Meta data is not really new. It was around long before you and I arrived in this industry. Meta data will be around long after we go to that great repository in the sky. But it was not until the past ten years, maybe much less, that the importance of managing meta data became apparent. This increase in importance has been a result of companies integrating the vast number of information systems and databases, creating decision support environments, and paying attention to managing data as a valued corporate asset.
Meta data (as data about data; or documentation about data) has now become an integral part of EVERYTHING having to do with information technology. If you do not believe me, consider the following questions.
1. Should meta data be a consideration in the evaluation of IT tools?
Yes, Meta data should always be a consideration when evaluating new and old IT tools. The data (or information) that is found in all IT tools is meta data. The meta data is, more often than not, used ONLY by the tool to perform its function (extraction, movement, security, modeling, reporting, …). Each function is very important but the meta data typically is never viewed or used by people who are not directly associated with the use of that tool.
The truth is that the meta data has the potential for value far beyond how it is used by the IT tool in which it originates. But since no person can view it, the meta data never provides additional value. Examples of under-used meta data include business rules in data models, allowable values in auditing and transformation tools, user ids and privileges in security packages, and on and on. Business rules are valuable information but often nobody sees them and they are not actively being used to control processes. Allowable values are often audited when data is moved to the warehouse, however, the lists of accepted values and their descriptions can not be viewed by the processes that are generating the data. User ids and privileges from security packages can be the basis of information stewardship if only that information, the meta data, was available. … And these are just three examples.

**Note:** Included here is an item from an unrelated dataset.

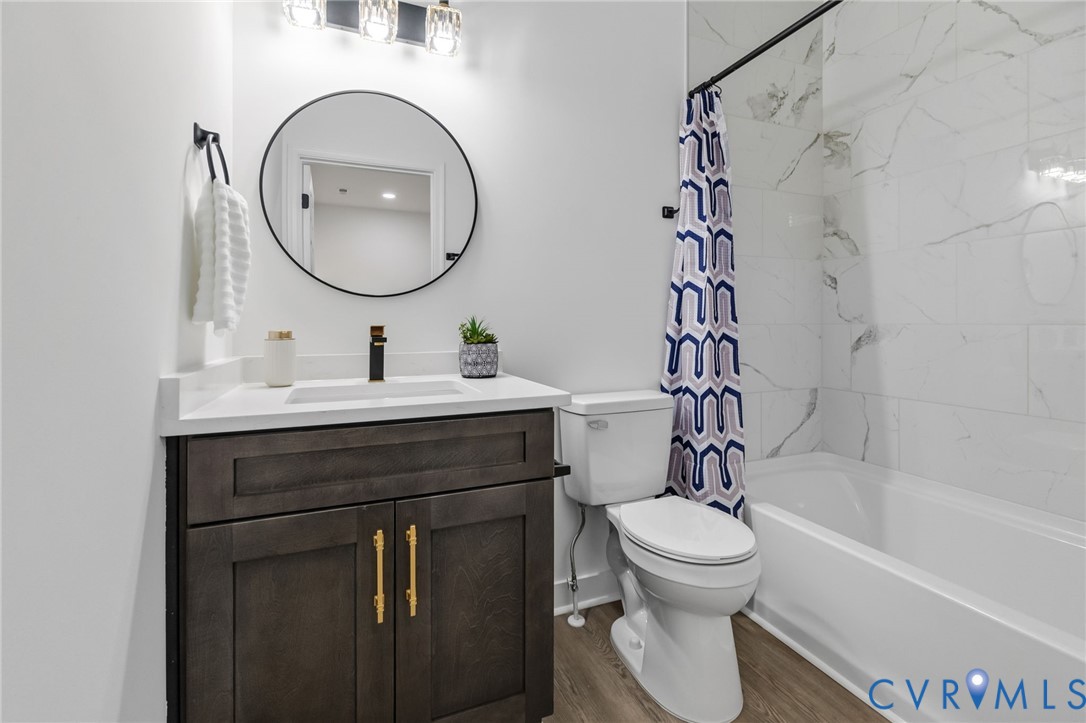 Bathroom featuring a wood-finish vanity with gold-tone hardware, white countertop, and an undermount sink with a matte black faucet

If one is to uncover the hidden value in meta data, it becomes important to pay closer attention to the meta data sources. Some IT tool vendors store meta data in proprietary formats while other stores meta data in open formats. When using tools that store meta data in a proprietary format, it becomes difficult (if not impossible) to use that meta data for any reason other than to operate the tool. Tools that provide open (and documented) meta data structures provide the opportunity to extract that meta data for use in a centralized meta data repository or data asset catalog. This leads to providing meta data to individuals that may benefit from its use.
Meta data, in all of its shapes and forms in the dozens of IT tools we all use, has increasingly become the knowledge bank of what companies are doing with their data. Therefore, it is better to evaluate and understand the meta data availability and capabilities of an IT tool prior to spending the money, than it is to find out too late that the meta data will serve one purpose only and stay hidden.

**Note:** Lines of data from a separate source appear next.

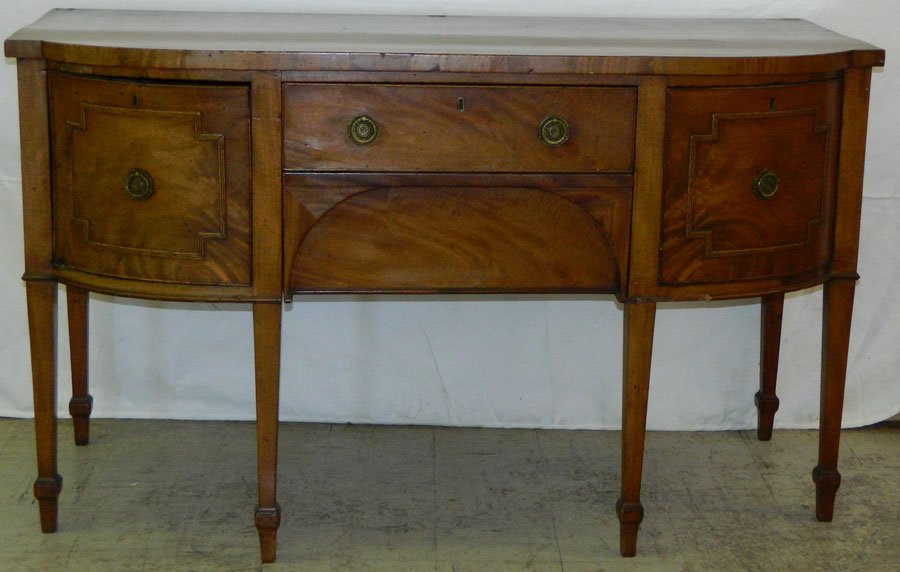 Mahogany bow front sideboard w/ one cellarette dr: Mahogany bow front sideboard w/ one cellarette drawer c.1830. 62" w x 26 1/2" x 36 3/4".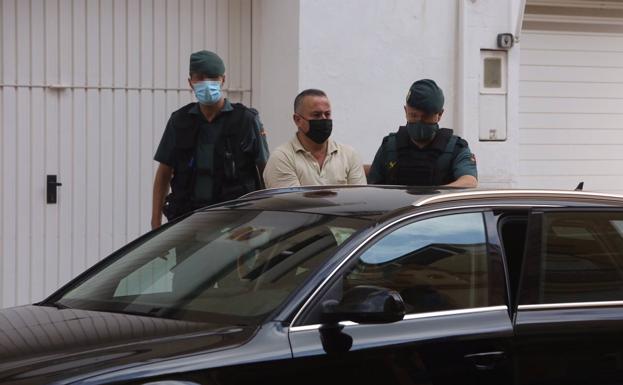 Dos guardias civiles trasladan al detenido. 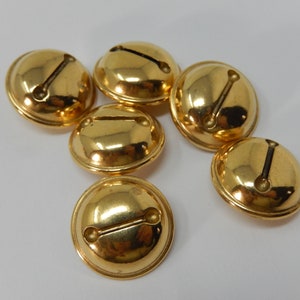 Puede incluir: Seis cascabeles dorados con una hendidura en la parte superior para colgar. Los cascabeles son brillantes y tienen una superficie lisa.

2. Is meta data a factor in achieving a high Return on Investment (ROI) in Data Warehousing?
Simply stated, if meta data is not provided to the knowledge workers, the chances of data warehouse / mart under-use or mis-use are significantly increased.
Most individuals want to know simple information about the warehouse data, such as, what types of data exist, how the data is named, defined, and referenced, and how the data can be selected. There are also end-users that want to know more complex information about warehouse data, such as, what business rules were used to select the data, how the data was mapped, transformed, cleansed, and moved to the data warehouse, and how the data is audited and balanced. (1)
Warehouse end-users are less likely to use the data warehouse if they do not understand the data. A client of mine said it succinctly when he stated that “if they are confused, they will not use it”.
In many organizations, time spent researching, selecting, extracting and verifying data, consumes more time than the time spent doing data analysis. “Our goal is to flip the percentages from 70% of the time preparing data and 30% of the time doing data analysis, to 30% and 70%” stated one vice president of a large financial institution. This type of statement is fairly common and is often used to cost justify data mart development. One way to “flip” the figures is typically through improved understanding of the warehouse data using meta data.
Warehouse mis-use is also a risk when meta data is not available. When several individuals spend their time researching the same data and come to different conclusions through different results, or results from one data source do not match results from another data source, the cost of data preparation is multiplied (as is the frustration of the decision makers). In this type of situation, the company is often required to select the “best” answer to the original question, as opposed to THE answer. More often than not, the reason for the discrepancy in the results comes from the lack of data understanding or inconsistencies created through less-than-adequate data management practices. Both of these can be improved through improved meta data management practices.
3. Is meta data a component of data quality initiatives and data quality improvement?
There are several reasons why companies initiate data quality efforts. The driving reason may be poor quality data discovered during the integration of several legacy systems into packaged solutions such as SAP, PeopleSoft, or Oracle Financials. Another reason may include the same discovery during the development of a decision support environment. One more reason may include known and documented faults in operational data that are causing business problems such as delayed and/or rejected transactions. These are all legitimate reasons for focused efforts on improving data quality.
Companies that initiate (or have on-going) data quality efforts spend a large amount of resources investigating data make-up and definition, documenting data accountabilities and responsibilities (stewardship), and mapping data across the corporation. This information can be found in meta data.
If the meta data that is used for the corporate data quality efforts is available, the company has a tremendous competitive advantage over similar efforts at companies that do not manage and make available meta data. If the meta data necessary for the data quality effort is not available, companies should consider taking advantage of the research and documentation created during the data quality initiatives by capturing and maintaining meta data in a centralized data asset catalog (repository) to support future IT & data quality programs.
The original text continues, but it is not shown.